Overlapping reading frames and genomic constraints. The MS2 genome is extremely compact, and the DNA encoding L may overlap with sequences coding for other proteins or regulatory elements. Mutations that look safe at the protein level could be lethal at the genome level. Addressing this fully would require a genome-aware model like Evo, which is beyond our current computational scope.
The stability vs. function trade-off. A variant that folds without DnaJ could still fail to insert correctly into the membrane, oligomerize, or lyse the cell. ESMFold and Boltz-1 assess folding and binding, but not membrane dynamics or lytic activity. We could engineer a highly stable, chaperone-independent protein that is biologically inert. Experimental validation would be essential to confirm functional lysis.

Personal Note
Working through this brainstorm reinforced something I keep returning to in this course: computational tools don’t eliminate biological uncertainty — they help us navigate it more efficiently. The three-tool pipeline we designed is not a guarantee of success; it’s a prioritization strategy. We’re using models to reduce the search space before biology has to confirm what actually works. That framing — computation as a filter, not an oracle — feels like one of the most important concepts in modern protein engineering.

Conclusion

This week shifted my perspective from thinking about DNA as the primary unit of biological design to thinking about proteins as programmable matter. DNA encodes instructions, but proteins execute function — and this week made clear just how much we can now intervene at that level computationally.
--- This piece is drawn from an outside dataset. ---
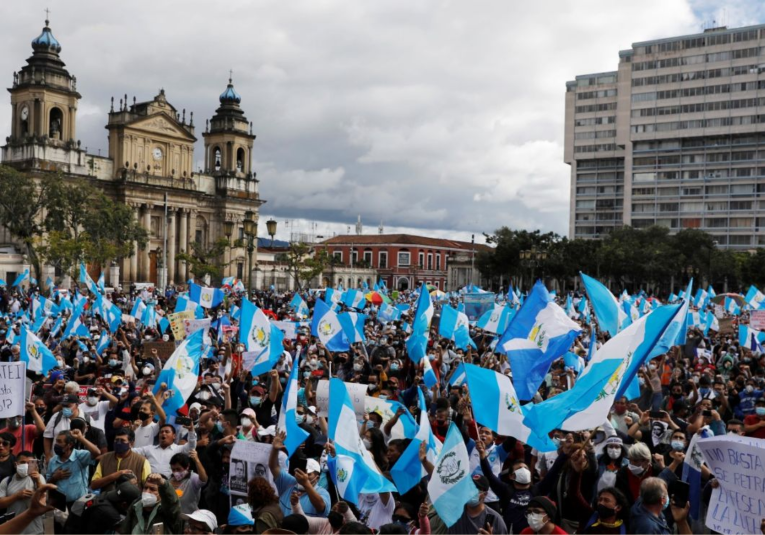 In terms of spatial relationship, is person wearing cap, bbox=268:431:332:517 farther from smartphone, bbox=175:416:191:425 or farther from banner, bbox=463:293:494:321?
banner, bbox=463:293:494:321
The conceptual questions were deceptively simple but opened up genuinely deep territory. Understanding why there are only 20 natural amino acids, why β-sheets aggregate, and how D-amino acids would change helix handedness forced me to think about proteins not just as sequences but as physical objects governed by geometry, thermodynamics, and evolutionary history. What struck me most is that the 20 canonical amino acids are not an arbitrary set — they represent a solution to a constrained optimization problem that life solved billions of years ago.
Parts B and C brought those concepts into practice. Analyzing a real protein structure in PyMOL — seeing the distribution of hydrophobic residues buried in the core, the hydrophilic ones exposed to solvent, the binding pockets visible on the surface — made structural biology feel tangible rather than abstract. And then running ESM2, ESMFold, and ProteinMPNN on that same protein revealed something remarkable: we can now interrogate proteins computationally in ways that would have taken years of wet lab work a decade ago. A deep mutational scan that would have required thousands of experiments can now be sketched in silico in hours.
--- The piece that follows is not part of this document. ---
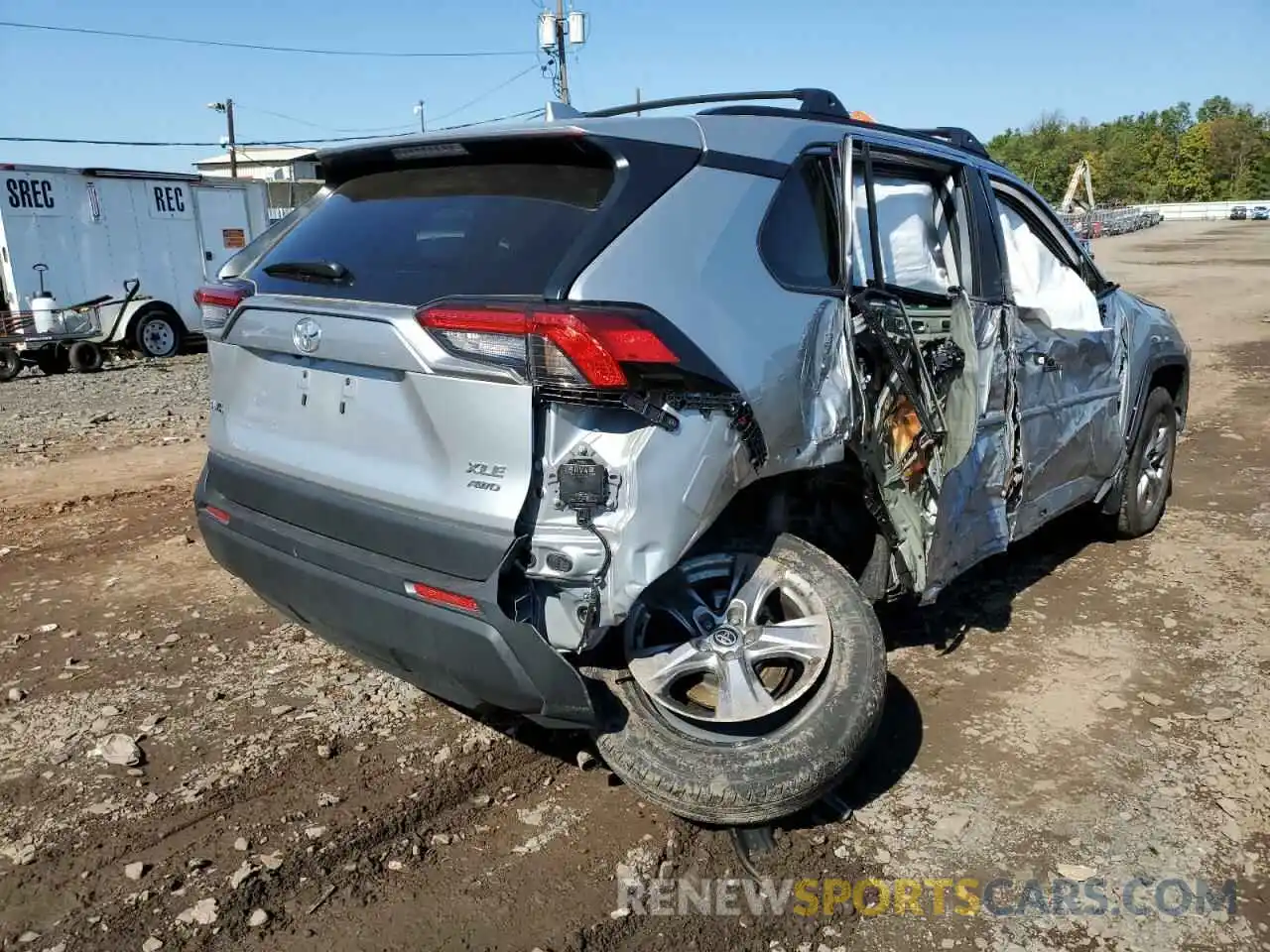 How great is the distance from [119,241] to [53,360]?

The group brainstorm on bacteriophage engineering was where the week’s tools connected to a real design challenge. Working through the MS2 lysis protein L — a small, membrane-disrupting protein that depends on the bacterial chaperone DnaJ to fold and function — showed me how engineering goals must be grounded in mechanistic understanding. We chose to target DnaJ-independence not because it was the flashiest goal, but because the biology of chaperone recognition gives us a tractable entry point: identifiable hydrophobic patches, mutation-tolerant positions, and a measurable interaction to disrupt.
What I’ll carry forward from this week is the pipeline mindset. ESM2 for sequence-level feasibility, ESMFold for structural validation, Boltz-1 for complex modeling — each tool addresses a different layer of uncertainty, and the power comes from chaining them. Computation doesn’t replace biology; it compresses the search space so that wet lab effort lands where it matters most.